Se recostó en La Cámpora obsecuente y se puso en el lugar de víctima: “A mí ya me crucificaron, este juego que se está jugando no es el mío –es la frase que le han escuchado–, pero no veo a nadie que esté en condiciones de hacer lo que hicimos los Kirchner en esta década, ni siquiera de volver todo atrás y revertir lo hecho”.

Quiso decir, ilusionada: “Así que tendremos otra oportunidad”. Ambos razonamientos, en cierto modo, son ciertos. Más que su relato sobre la supuesta Revolución K, efectivamente importan la sensatez y la transparencia de los que vendrán ya que fueron los valores que ensombreció el kirchnerismo. Y los candidatos en oferta todavía generan dudas sobre sus capacidades de gobernar un país que heredan empobrecido con un Estado adentro virtualmente saqueado y fuera de control.

La lógica de la decadencia y el exitismo exceden el voluntarismo de CFK. Viene a simbolizar algo así como el ‘ser nacional’: “Somos un país bipolar –aseveró Manes, el neurólogo presidencial–: pasamos del éxito a la depresión, y lo que necesitamos es estabilidad”. A veces, los propios compañeros de ruta de Cristina advierten su inestabilidad y sus arrebatos cada vez más espaciados.
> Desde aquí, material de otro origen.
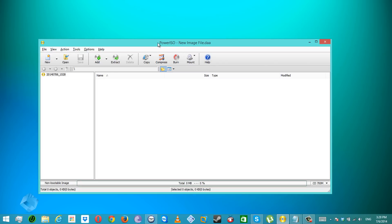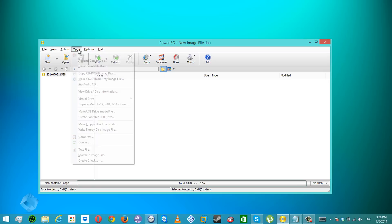Now open PowerISO, and under Tools select 'Create Bootable USB Drive'.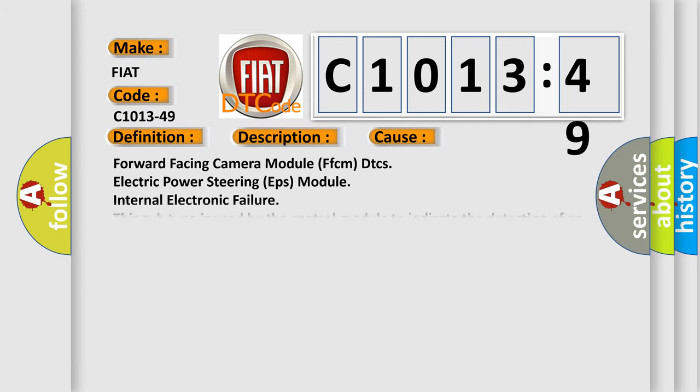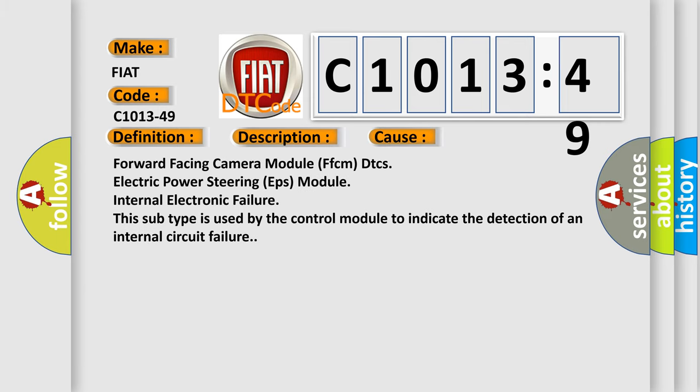This diagnostic error occurs most often in these cases: Forward-facing camera module FFCM DTCs, electric power steering EPS module internal electronic failure. This subtype is used by the control module to indicate the detection of an internal circuit failure.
No siempre hace el show que esperan los más adictos. La centralidad política ya no pasa por ella.

Pero falta bastante para saber incluso si el péndulo se inclinará en el futuro hacia la derecha, peronista o no –como descuenta Cristina–, o hacia un liderazgo que reivindique básicamente la inversión, la producción y el trabajo, además de la estabilidad. Aunque, claro, la liturgia del poder y el gen de la ambición exigen a veces experimentar el calvario para mantener viva la llama de la resurrección. Y ya se sabe, es el pretexto: en política, solo se puede volver a la vida con iglesia propia y feligreses devotos.

Es lo que vino perdiendo y pide a los gritos recuperar la Presidenta para “terminar bien”, como le dijo ella misma a los empresarios de la UIA, y mantener viva la esperanza de imitar a Michele Bachelet en el 2019 para volver al poder después de cuatro años de un Sebastián Piñera local, se llamen Scioli, Massa o Macri. Blindarse judicialmente, cortar los lazos financieros que puedan aún existir con Lázaro Báez, desentenderse de Amado Boudou y tejer una Justicia adicta son, hoy por hoy, las prioridades personales de la Presidenta part-time. El secretario Carlos Zannini le hace de consejero y filtro: están atados por el destino.